Мистер Прайс меня удивил. Пусть он и был толстяком с брюхом борова, поросячьими глазками и свиными челюстями, но двигался стремительно. Он схватил Рыбоеда за воротник камзола и отдернул от моего клинка, так что ноющий дурак чуть не рухнул, ударившись о стену.
— Рутгерс! Карсон! — проревел мистер Прайс.
Дверь открылась, и вошли двое персивантов, видимо, ждавшие снаружи. Они увидели кинжал в моей руке и вытащили мечи.
— Брось кинжал! — проревел мне один.
Я сомневался, что они воспользуются мечами, ведь мистер Прайс нуждался в человеке, способном ответить на его вопросы и украсть пьесу, а не в проткнутом мечом калеке, и потому я не выпустил из рук кинжал.

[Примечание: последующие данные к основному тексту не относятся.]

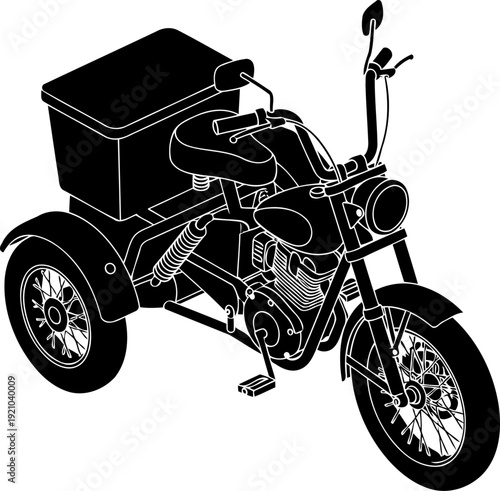 Motorized delivery tricycle silhouette with cargo storage box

Я молчал, потому что не знал, что сказать. Эти двое оставили дверь открытой, и я чуть было не решил рвануть к ней, но, конечно, далеко бы всё равно не убежал. Они преградили мне путь.
— Я убью его, — провизжал Рыбоед.
Клинок приблизился к моему горлу. Что мне оставалось делать? Перерезать горло Рыбоеду, чтобы взамен мне выпустили кишки? Я опустил кинжал.
— Ты его не убьешь, — спокойно сказал мистер Прайс Рыбоеду, — просто оторви ему рукав.
Мой старший брат вечно наставлял меня не испытывать судьбу, и я считаю это дельным советом. Но зачастую все дельные советы игнорируются. И всё же тем вечером, столкнувшись лицом к лицу с двумя мечами и ножом Рыбоеда, я решил, что хватит сомневаться. Пришло время действовать. Я оттолкнул Рыбоеда, прежде чем он перехватил мою руку.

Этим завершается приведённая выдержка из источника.